Evangelio de Juan 21, 27-30
La presentación de Jesús com buen pastor siempre ha despertado la imaginación de los predicadores cristianos. Todavía no hace una semana que el papa Francisco se refería a que los sacerdotes tienen que oler a oveja; quería dar a entender que han de vivir implicados con el pueblo hasta las cejas. Pastores es el cariñoso apelativo con que el cristianismo reconoce a su clero, – particularmente -, a sus Obispos. Es, por tanto, un lenguaje y un símbolo que ha perdurado. Lo respeto. No me entusiasma. En la cultura actual, no lo veo demasiado significativo fuera del mundo cristiano. No sólo porque la gente joven no conoce el pastoreo, sino también, – y sobre todo -, porque es muy sensible a su autonomía como mayoría de edad innegociable. Quizá somos autónomos de una manera solitaria, – debemos pensar esto en su exceso -, pero, a cambio, hay que cuidar mucho el lenguaje de la autonomía al referirnos al hombre y la mujer de hoy. Es mejor cuidar el lenguaje que extenderse en explicaciones sobre el sentido en que sí vale y en el que no vale alguna imagen del pasado.

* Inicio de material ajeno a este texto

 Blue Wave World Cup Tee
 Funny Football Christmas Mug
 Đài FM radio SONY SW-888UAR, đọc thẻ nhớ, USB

Con todo, – y sin rizar el rizo en cada palabra -, cualquiera puede saber lo que en la vida cotidiana representaba un pastor bueno. Todo el mundo puede suponerlo. Cuando yo era niño sabía que el pastor conocía a sus ovejas, las cuidaba todo el día con los mejores pastos y aguas, y no era raro que trajera algún cordero en brazos cuando el parto sucedía en el campo. Era la vida del pueblo y la vida de estos hombres entre nosotros. Y, por cierto, casi siempre gente con pocos medios; trabajaba para otros que tenían más ovejas o que sumaban un rebaño a una hacienda o tierras, siempre modesta por cierto. Pero había una diferencia y una fidelidad. El pastor era muy fiel a las ovejas y a los amos de las ovejas. Y el amo lo era al pastor. Fidelidad mutua, esta es la palabra.
Pues bien, los dirigentes judíos le preguntan a Jesús si es el Mesías, porque no quieren seguir en vilo. Y la respuesta es extraña para el que se mueve en la lógica de “tú me muestras algo y yo calculo, y saco mis conclusiones”. Les dice: no sois de mis ovejas, – y no me conocéis como el pastor que os ama y cuida -, porque no podéis ver las obras de Dios en mí. Yo y mis ovejas, por el contrario, nos reconocemos al punto; confiamos mutuamente en quiénes somos y cuánto nos necesitamos; los dos sabemos cuál es el obrar de Dios en lo pobre y débil del mundo; ya no necesitamos contratar con cautela entre nosotros; nos sale espontáneo confiar y caminar.
Luego la lógica del “tú me muestras algo y yo calculo, y saco mis conclusiones” no le sirve a Jesús, porque la suya es, “yo te muestro el amor de Dios en mis obras y tú lo amas de todo corazón en mí”. Es en este camino segundo donde el pastor y las ovejas se reconocen y se descubren mutuamente, amándose a fondo perdido. Ya no hay examen de ortodoxia para reconocer al pastor y seguirlo; hay experiencia de seguimiento que connaturalmente ilumina quién es el buen pastor, quién es Dios y qué suma a una vida humana cabal.